# Stop the presses, my freaky fh odd couple



## macframalama (Apr 17, 2012)

It seems in my quest to have weirdo combinations my Larger male veiled Flowerhorn and my weirdo fh hybrid female <half his size> are pairing off

Video will be added as soon as i know its official, all this time spent tryig to find him a mate , and badabing


----------



## Elle (Oct 25, 2010)

Wedding bells!


----------



## macframalama (Apr 17, 2012)

so long as they knock boots elle , i dont care 

lol

veiled fh hybrids ahhh i cant wait , she and he are both digging so im hoping but he is huge compared to her so i hope it works out


----------



## ThePhoenix (Jul 23, 2012)

im sure his sperm will find her eggs


----------



## macframalama (Apr 17, 2012)

so long as he doesnt eat her lol, fortunately he is slow moving so she can zip off pretty easily, big tank


----------



## MrJackyTang (Aug 14, 2012)

Good Luck With Ur Breeding Process brother


----------



## macframalama (Apr 17, 2012)

uploading video to you tube now stay tuned for the link!!!!!
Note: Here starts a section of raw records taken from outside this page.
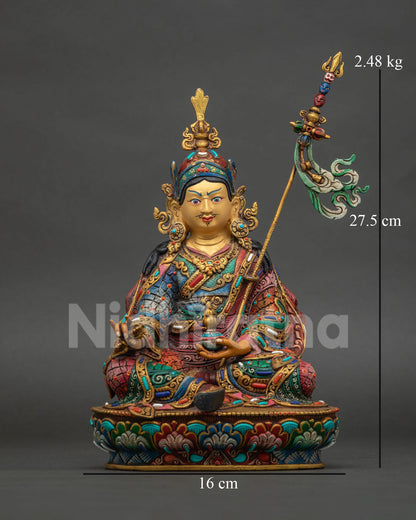 Guru Rinpoche Statue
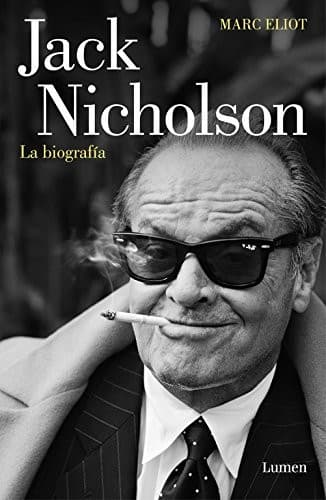 Cover image for Jack Nicholson, la biografía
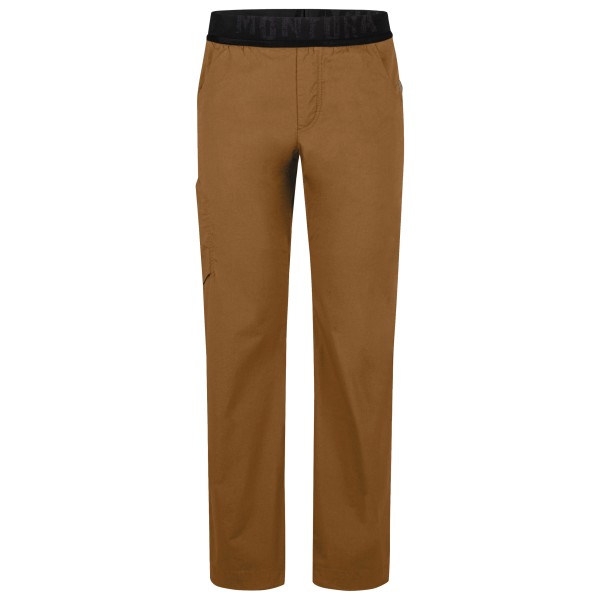 Montura - Guna Pants - Kletterhose Gr M braun Montura - Guna Pants - Kletterhose Gr M braun von Montura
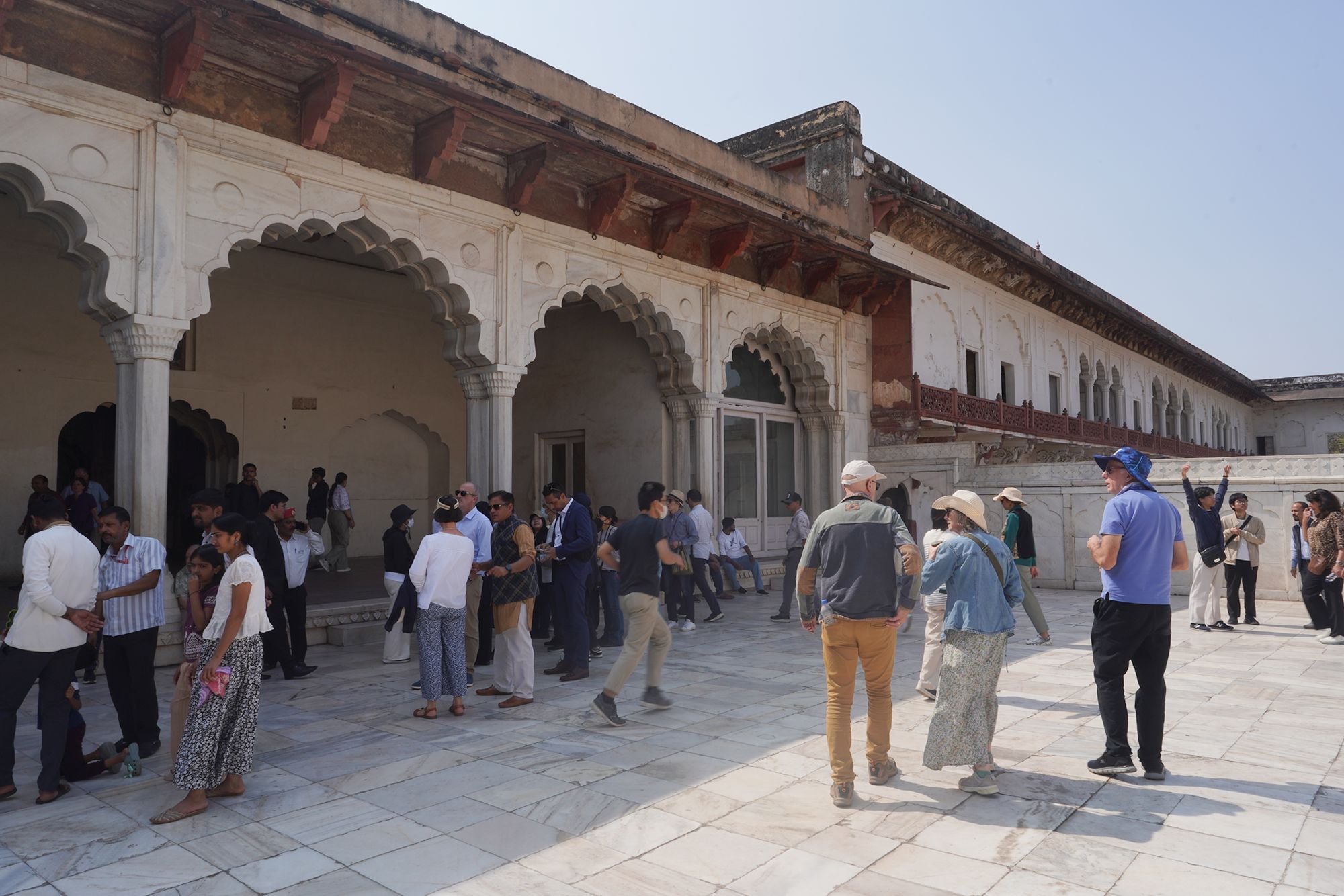 Agra Fort (55) Agra Fort (55)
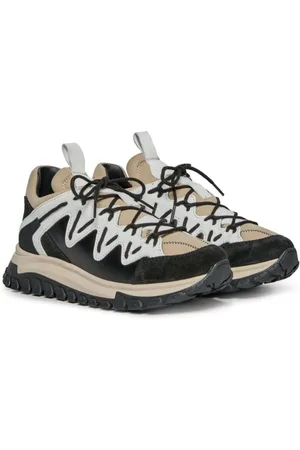 Marni Sneakers con inserti a contrasto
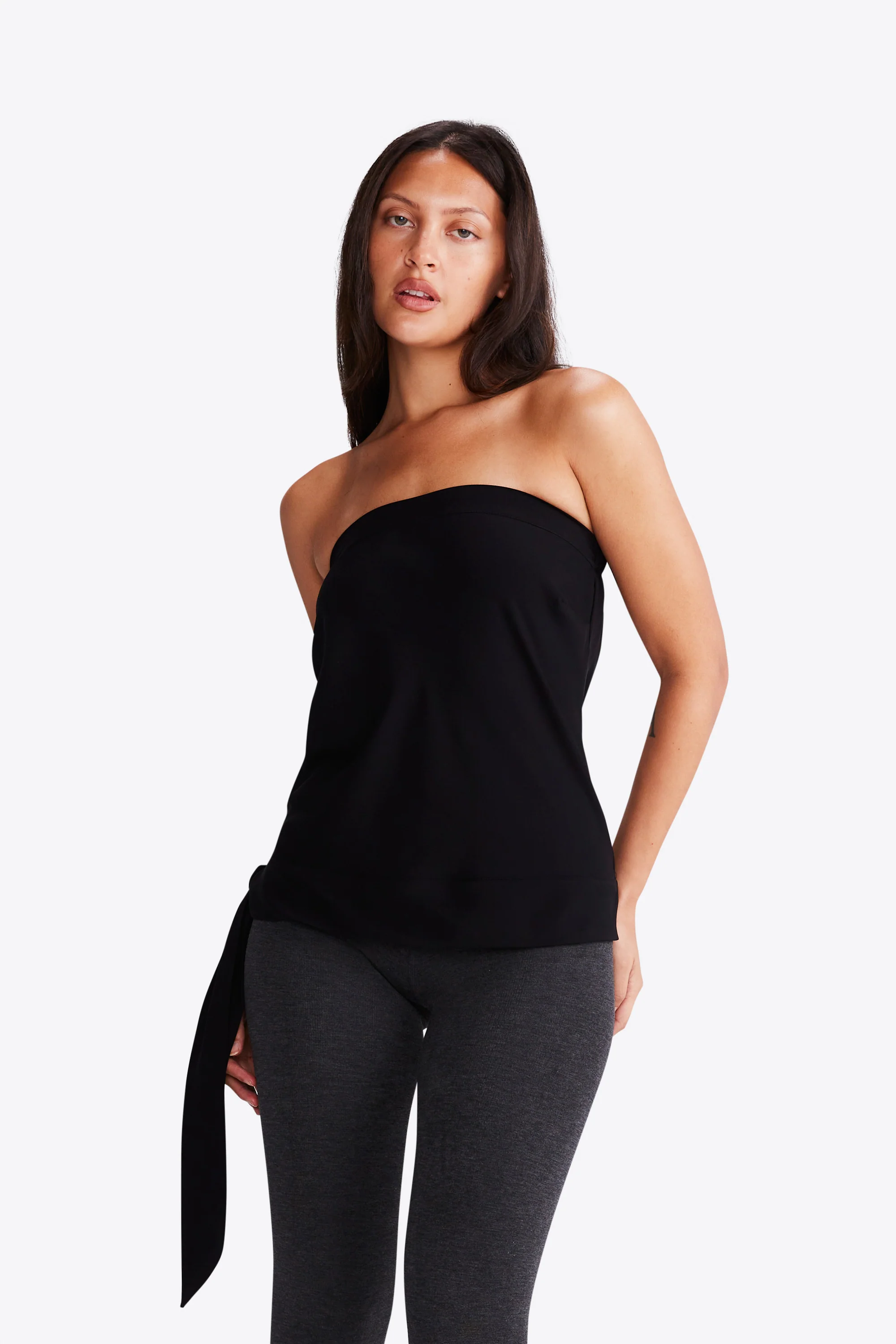 Libra Top - Black - Image 3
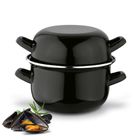 Tadar, Mule, garnek emaliowany 2w1, 2.5l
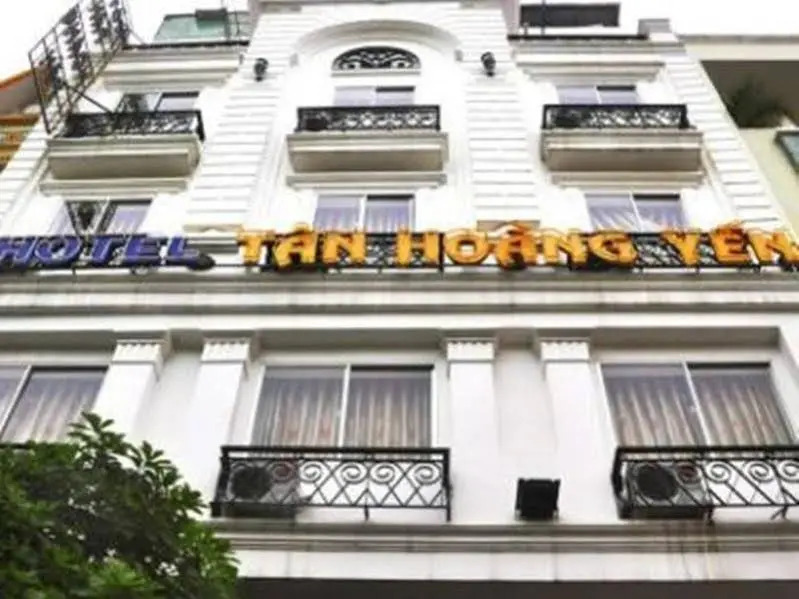 Tan Hoang Yen Phan Van Tri Hotel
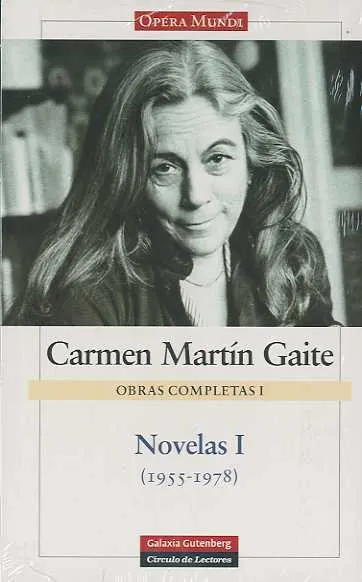 Novelas I (1955-1978)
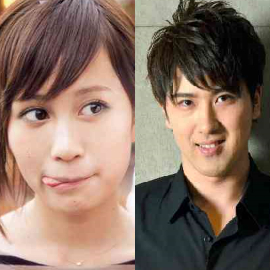 前田敦子が新年早々連日デート 尾上松也との愛車ツーショットをスクープ撮!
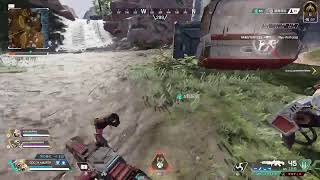 Apex legends　ランク行きます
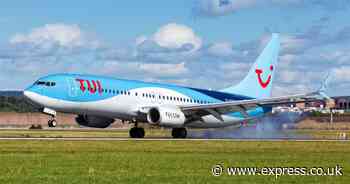 'Emergency onboard' forces TUI flight to divert from UK to Majorca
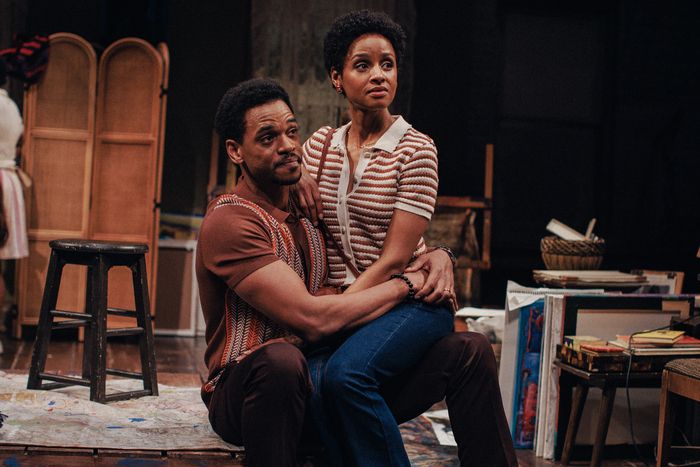 Photos: LaChanze Directs WINE IN THE WILDERNESS At Classic Stage Company — photo 8 of 8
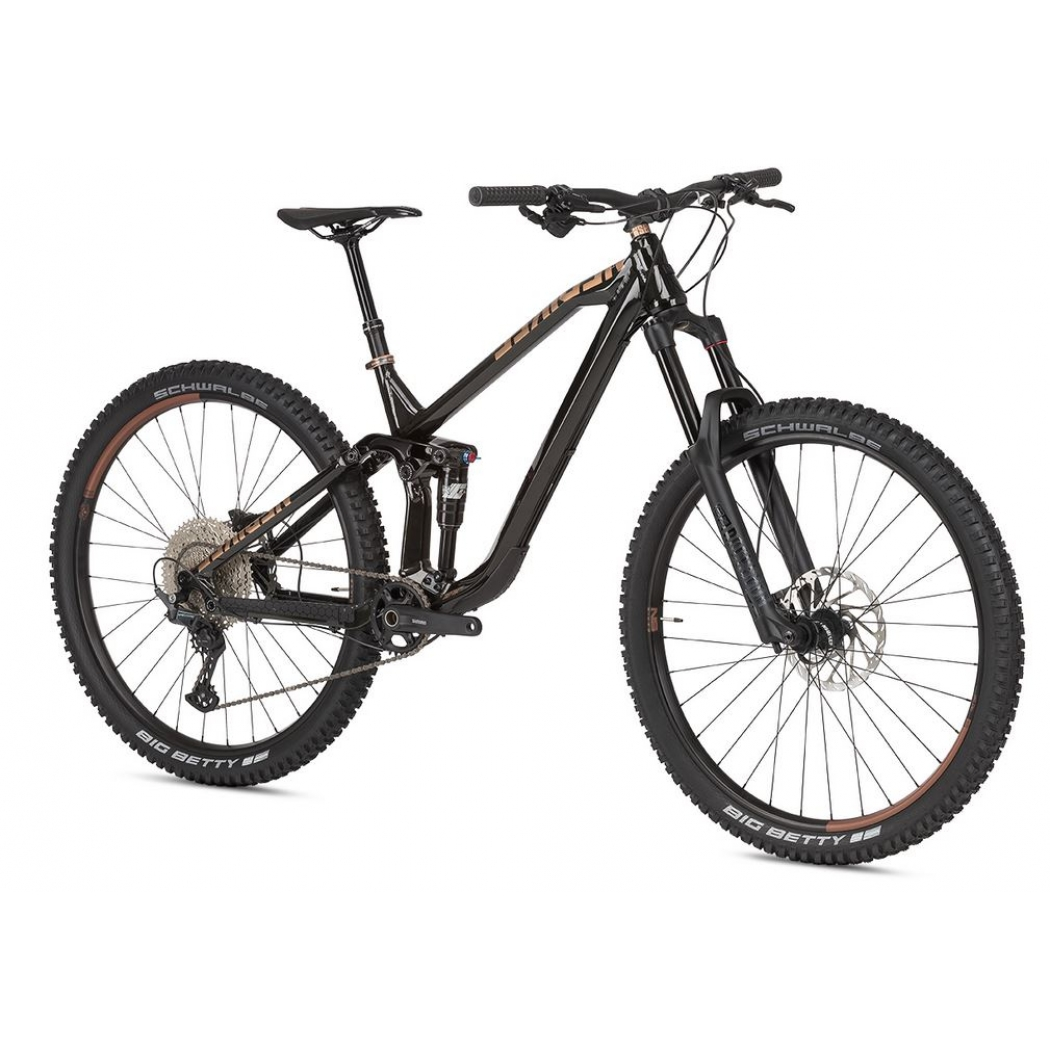 NS Bikes Define AL 150/2 29" Enduro/AM Black â Bild 2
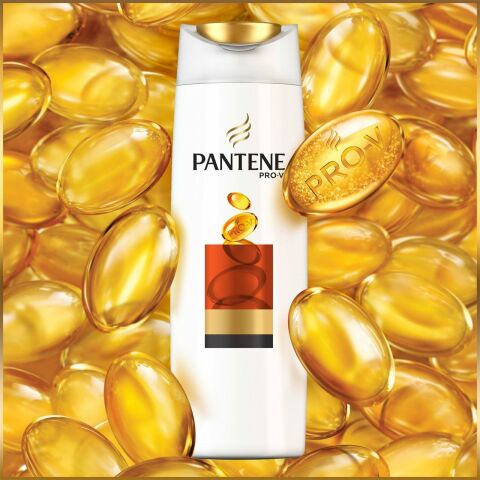 Pantene Saç Dökülmelerine Karşı Etkili 500 ml Şampuan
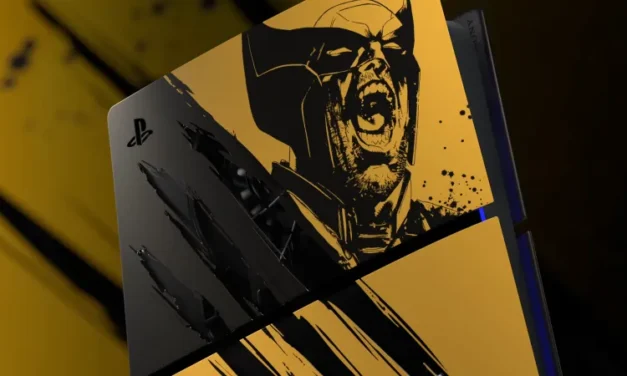 Wolverine-Themed PlayStation 5 Consoles And Controllers Drop In September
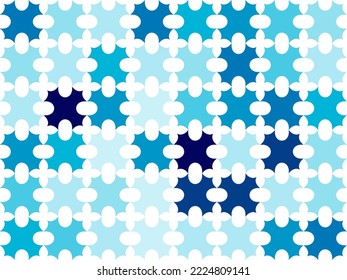 Beautiful and colorful vector pattern. Seamless vector pattern. Textile and fabric pattern. Simple and Stylish pattern.
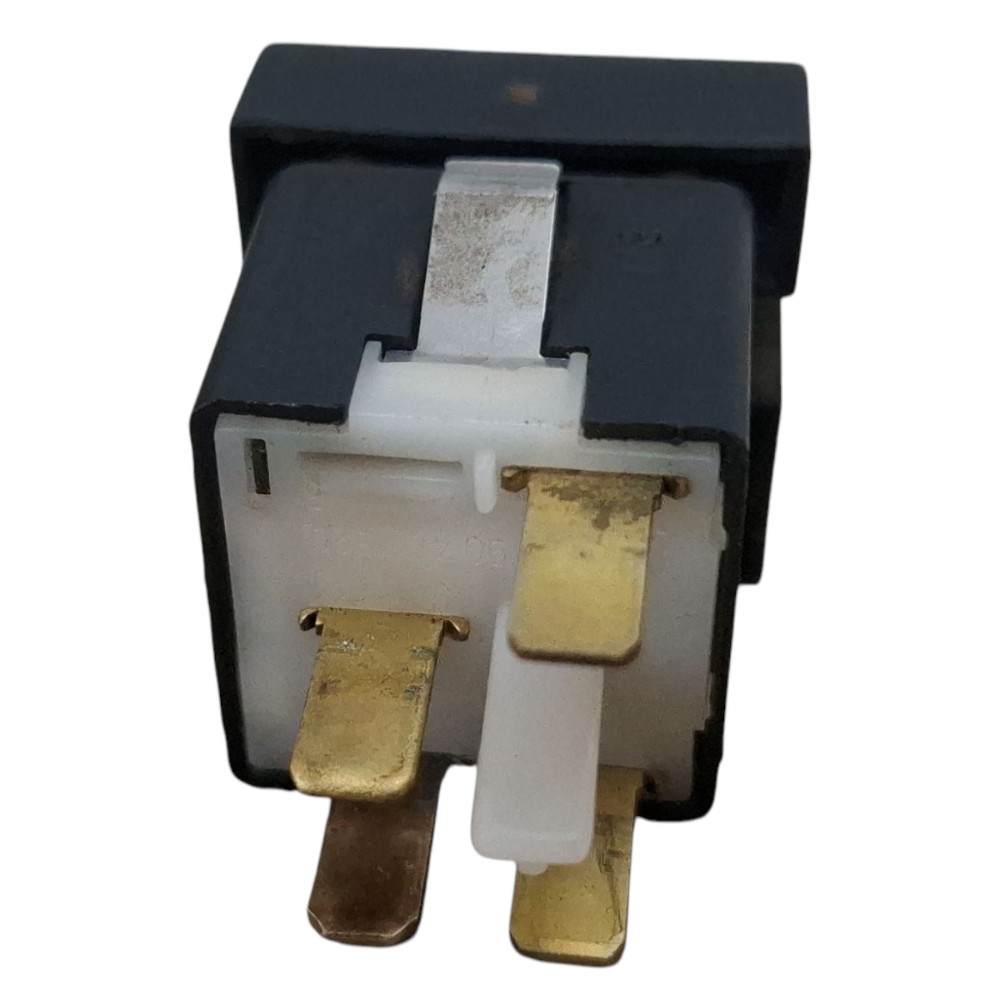 Botão Interruptor Recirculação Ar Vectra 97 98 99 90436487 Preto 5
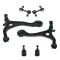 2003-07 Honda Accord; 04-08 Acura TSX Front Suspension Kit (Set of 6)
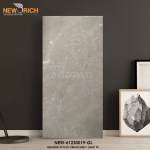 Gạch 60x120 màu xám chất lượng cao cấp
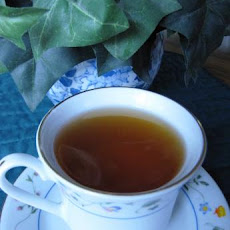 Honey Apple Tea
and there are definite signs of them going to do the do, i give it four days till eggs are down maybe sooner but they havent stopped hanging out together so fingers crossed


----------



## macframalama (Apr 17, 2012)

DSCF3292 - YouTube


----------



## djamm (Sep 25, 2010)

I like the name ODD COUPLE...Oscar and Felix....good luck with the flowerhorns


----------